### YOUR OBJECTIVE
Transcribe all of the data exactly. Omit the pictures.
*** Opening MATERIAL PROVIDED ***
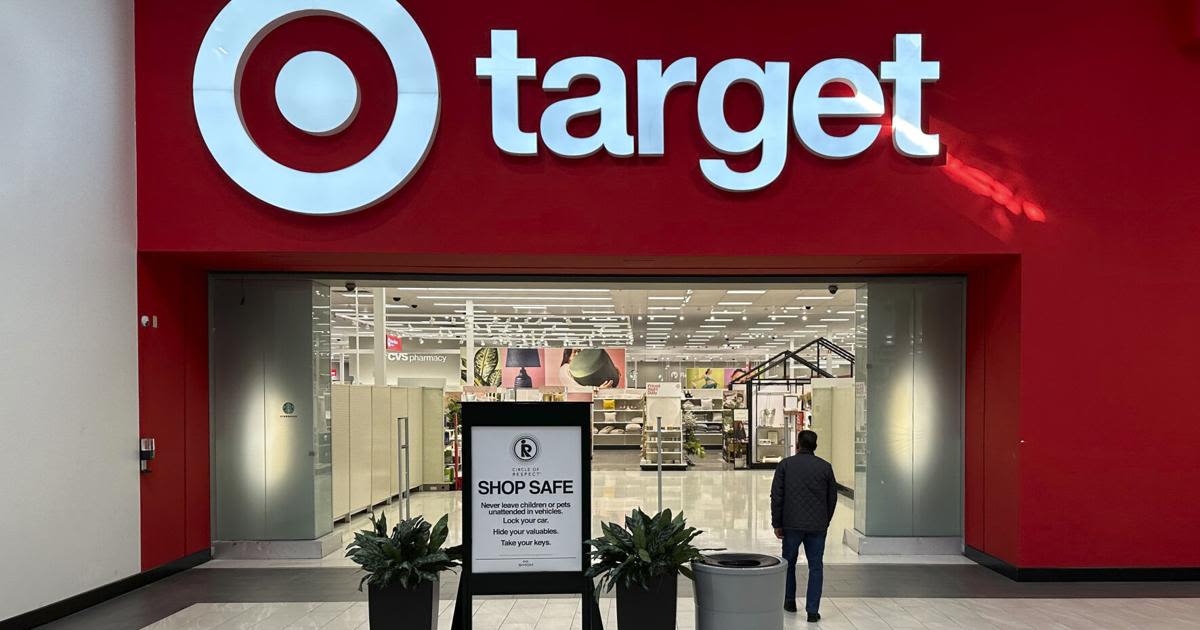 Target to stop taking personal checks. Are the days of the payment method numbered?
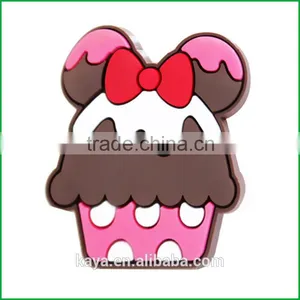 Soft Pvc Christmas Stickers Free thumbnail-1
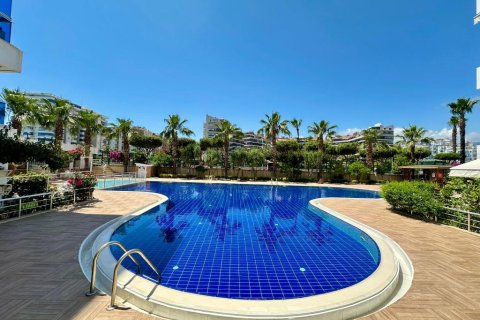Leilighet i Kestel, Antalya, Tyrkia Nr. 226116 - 12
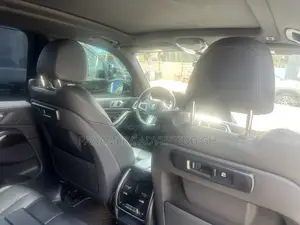 BMW X5 xDrive40i AWD 2020 Black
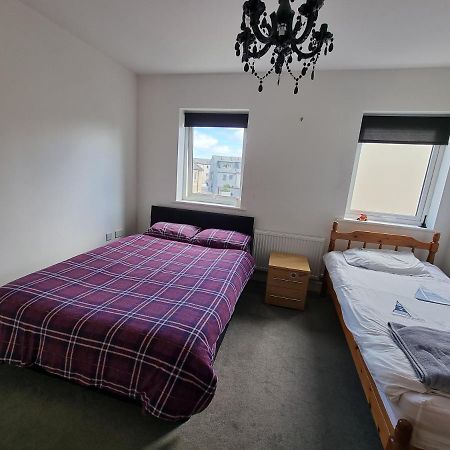 King En-Suite Close To The A30 Camborne Ngoại thất bức ảnh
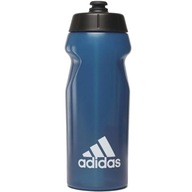 ADIDAS PERFORMANCE FĽAŠA 0,5 HT3523 MODRÁ FITNESS TRÉNINKOVÁ FĽAŠA 500 ML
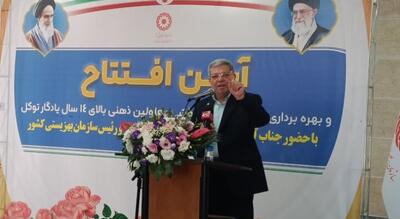 تأکید رئیس سازمان بهزیستی بر توسعه مراکز توانبخشی «خانواده‌محور»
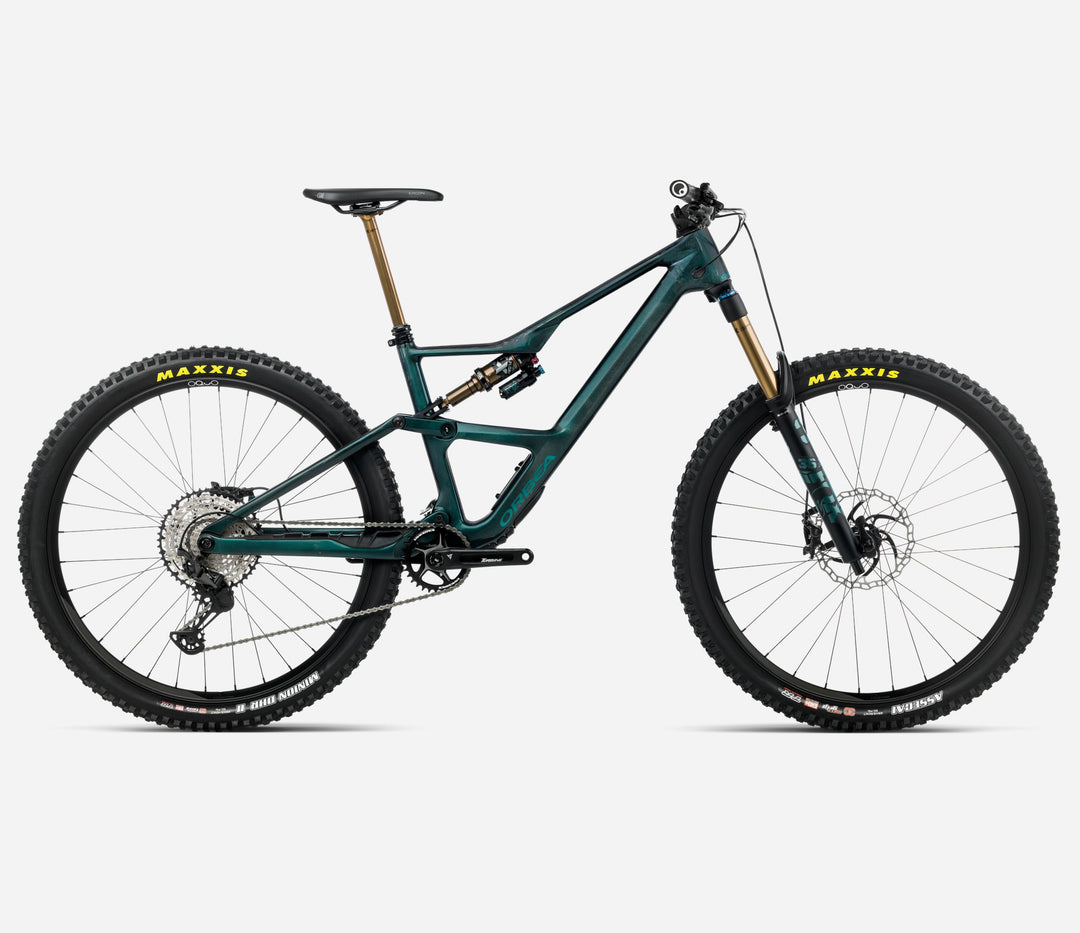 2026 Orbea Occam LT M10 Bike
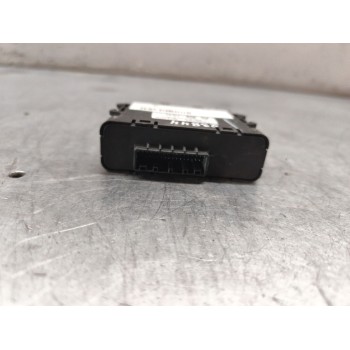 Recambio de modulo electronico para nissan juke (f16) acenta referencia OEM IAM 284Y66LA6E  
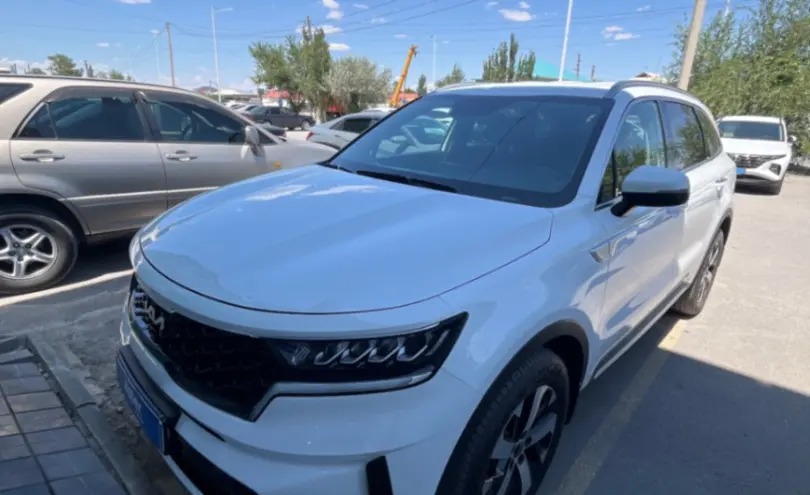 Kia Sorento 2023 года за 19 500 000 тг. в Кызылорда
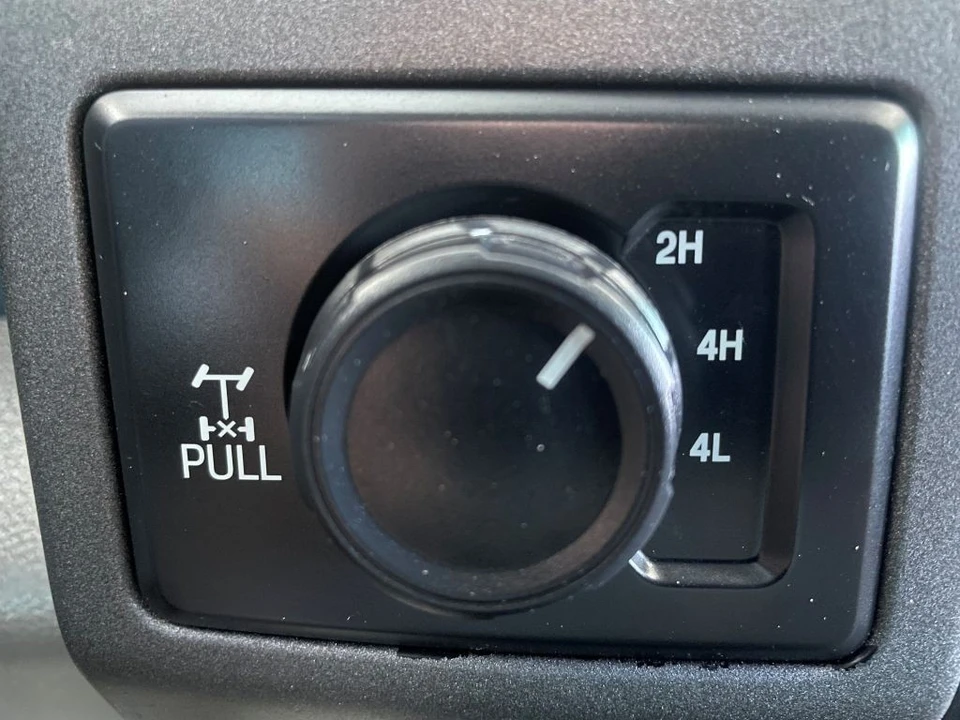 2022 Ford Super Duty 4th Gen - Image 20 of 21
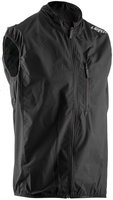 Leatt 5020001031, Leatt Race Lite Weste Schwarz male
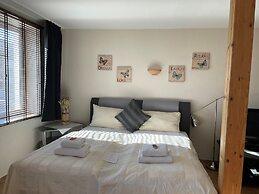 Hotel Corsten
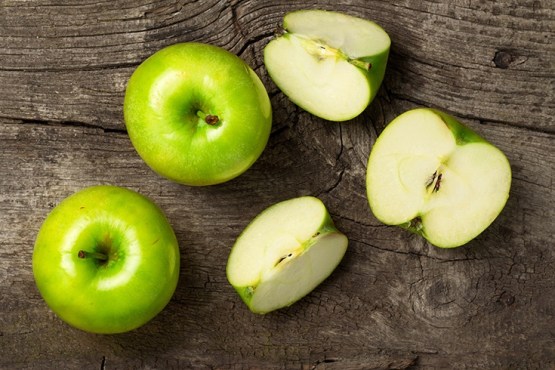 green-apples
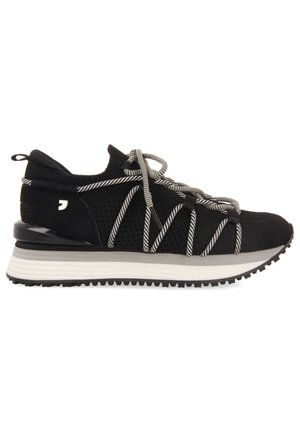 BREWSTER - Zapatillas - black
*** Closing MATERIAL PROVIDED ***
### FINISHED EXERCISE
 Target to stop taking personal checks. Are the days of the payment method numbered?
 Soft Pvc Christmas Stickers Free thumbnail-1
Leilighet i Kestel, Antalya, Tyrkia Nr. 226116 - 12
 BMW X5 xDrive40i AWD 2020 Black
 King En-Suite Close To The A30 Camborne Ngoại thất bức ảnh
 ADIDAS PERFORMANCE FĽAŠA 0,5 HT3523 MODRÁ FITNESS TRÉNINKOVÁ FĽAŠA 500 ML
 تأکید رئیس سازمان بهزیستی بر توسعه مراکز توانبخشی «خانواده‌محور»
 2026 Orbea Occam LT M10 Bike
 Recambio de modulo electronico para nissan juke (f16) acenta referencia OEM IAM 284Y66LA6E  
 Kia Sorento 2023 года за 19 500 000 тг. в Кызылорда
 2022 Ford Super Duty 4th Gen - Image 20 of 21
 Leatt 5020001031, Leatt Race Lite Weste Schwarz male
 Hotel Corsten
 green-apples
 BREWSTER - Zapatillas - black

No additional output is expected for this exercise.